Antigone

Antigone is a play by Sophocles.

Antigone is the daughter of Oedipus, the former king of Thebes. Her brother, Polyneices, has been killed attacking Thebes, and the new king, Antigone's uncle Creon, has decreed that anyone who buries Polyneices will face death penalty.

Obeying all her instincts of love, loyalty, and humanity, Antigone defies Creon and dutifully buries her brother's corpse. Creon, from conviction that reasons of state outweigh family ties, refuses to commute Antigone's death sentence. By the time Creon is finally persuaded by the prophet Tiresias to relent and free Antigone, she is dead. She has killed herself in her prison cell.

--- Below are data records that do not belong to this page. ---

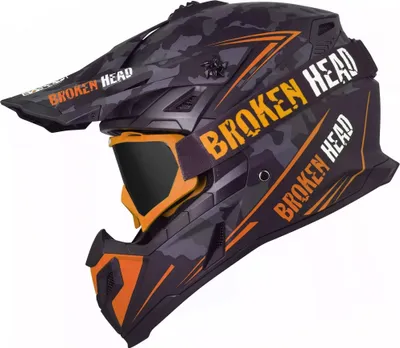 Produktbild von Broken Head Crosshelm Squadron Rebelution Orange + MX-2 Brille Orange : M (57-58 cm) Größe: M (57-58 cm)
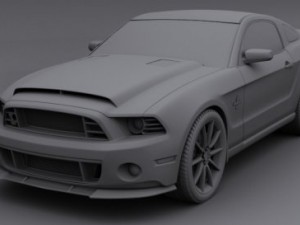 mustang shelby gt500 super snake 2013 3D 모델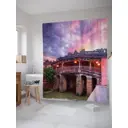 Шторка для ванной комнаты JoyArty sc_2691 200x180см цвет фиолетовый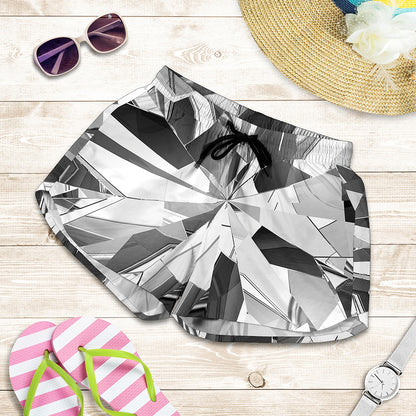 Diamond Print Women's Shorts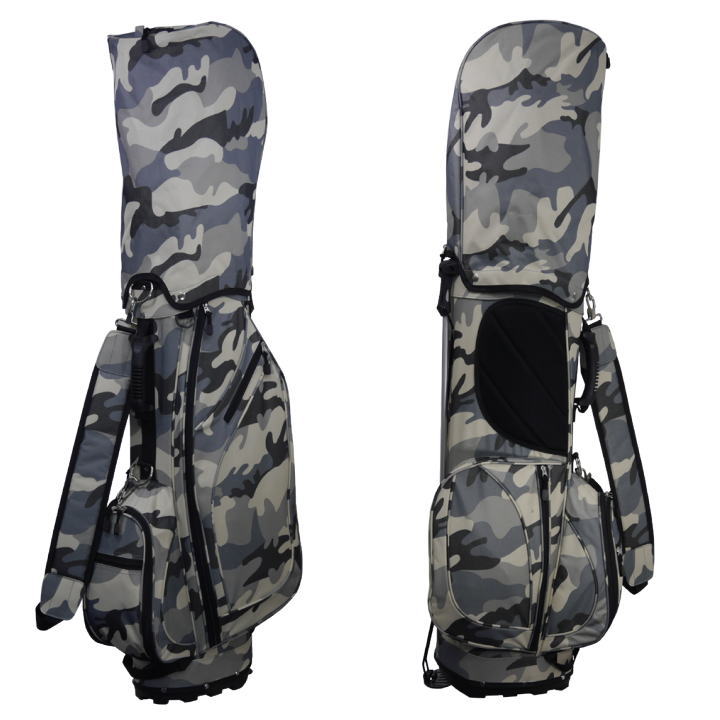 送料無料】ノーロゴ カモフラ柄 スタンドバッグ 8.5型 キャディバッグ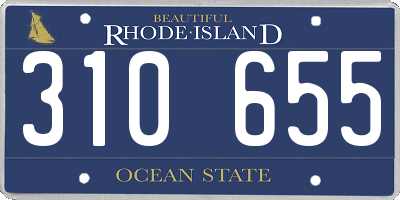 RI license plate 310655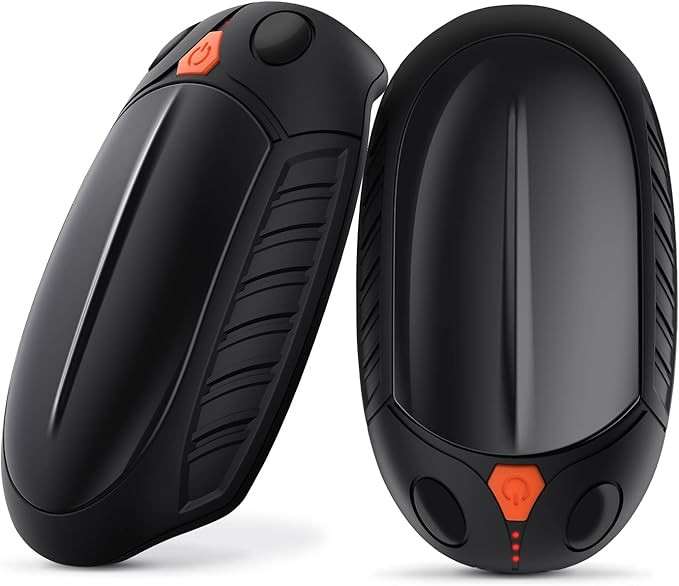 Hand Warmers Rechargeable, 2 in 1 Electric Handwarmers with 12Hrs Long Heating, Quick Charge Port... | Amazon (US)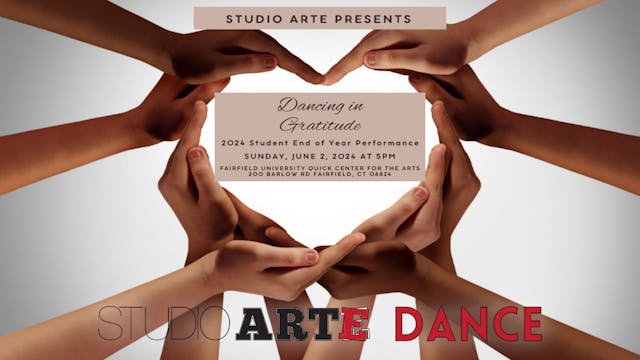 Studio Arte Dance - Dancing in Gratitude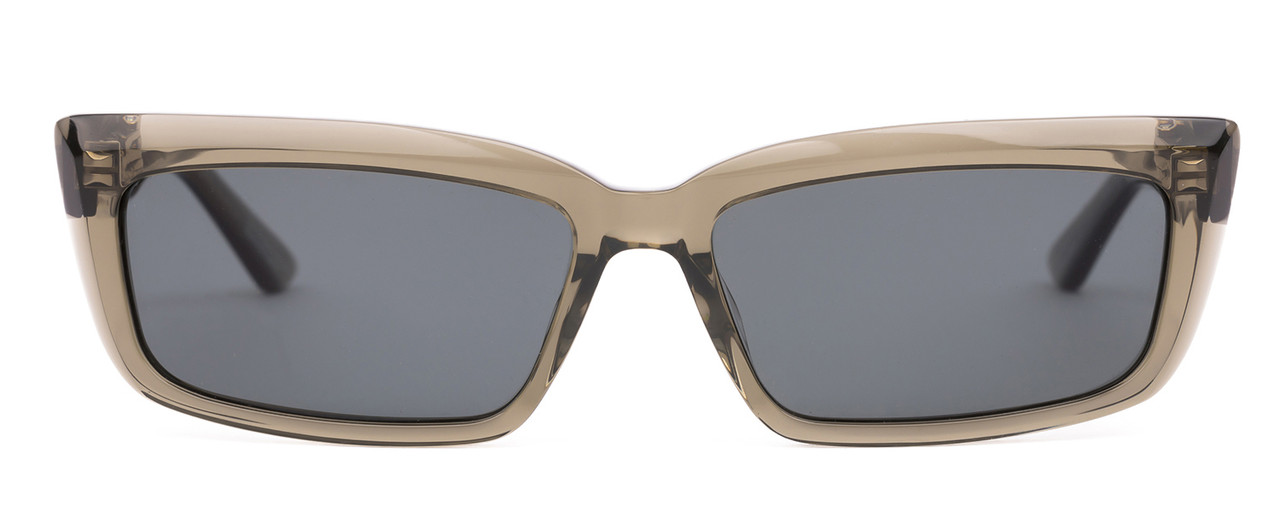 Front View of SITO SHADES NIGHT IN MOTION Unisex Sunglasses Moss Brown Crystal/Iron Gray 57 mm
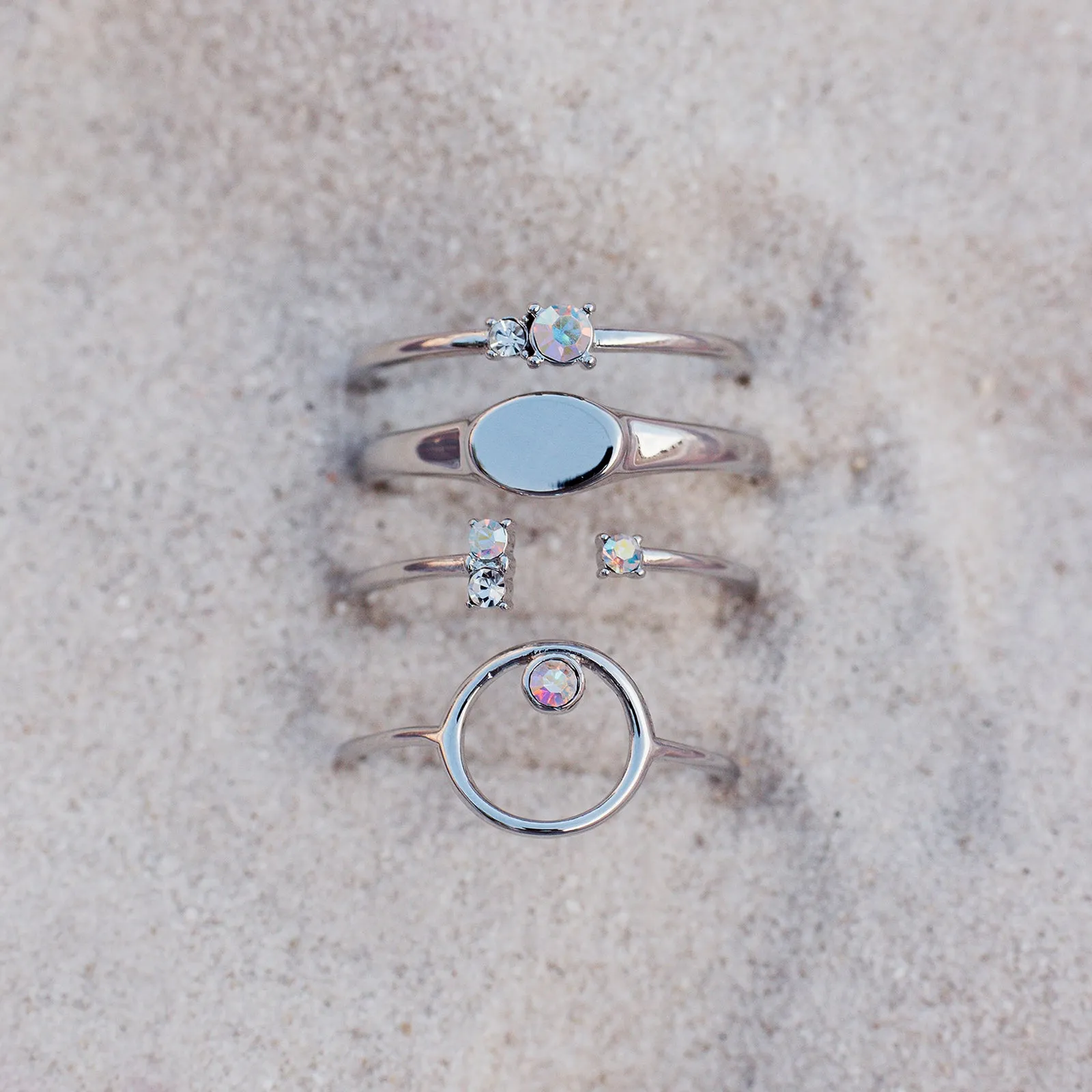 Crystal Sky Ring Stack sold by Pura Vida product image thumbnail 5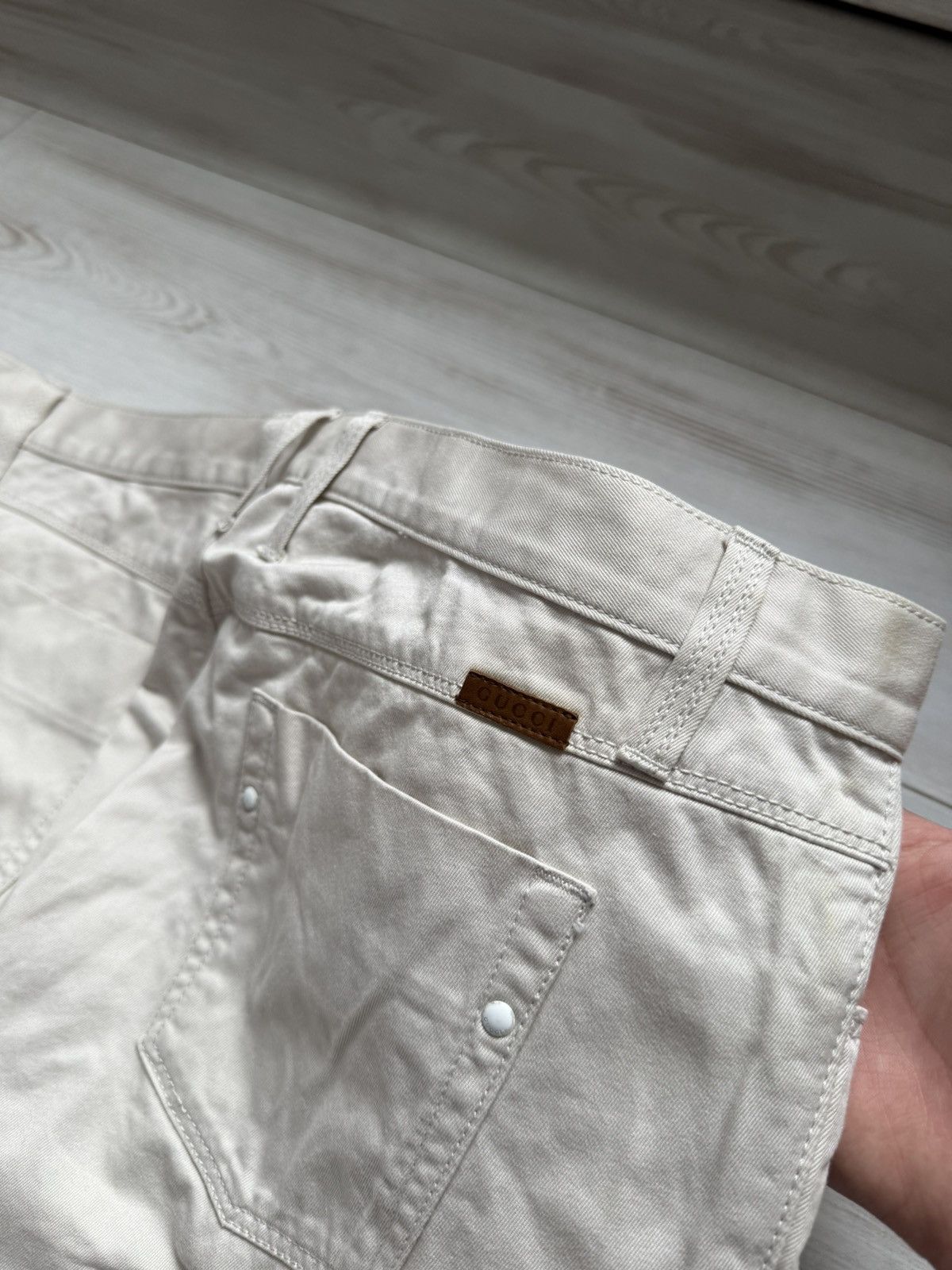 Gucci AW09 cream pants luxury designer Made in Italy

Creon's son, Haemon, who is also Antigone's fiancé, kills himself out of love and sympathy for the dead Antigone, after which Creon's wife, Eurydice, kills herself out of grief over these tragic events. At the play's end Creon is left desolate and broken in spirit. In his narrow and unduly rigid adherence to his civic duties, Creon has defied the gods through his denial of humanity's common obligations toward the dead.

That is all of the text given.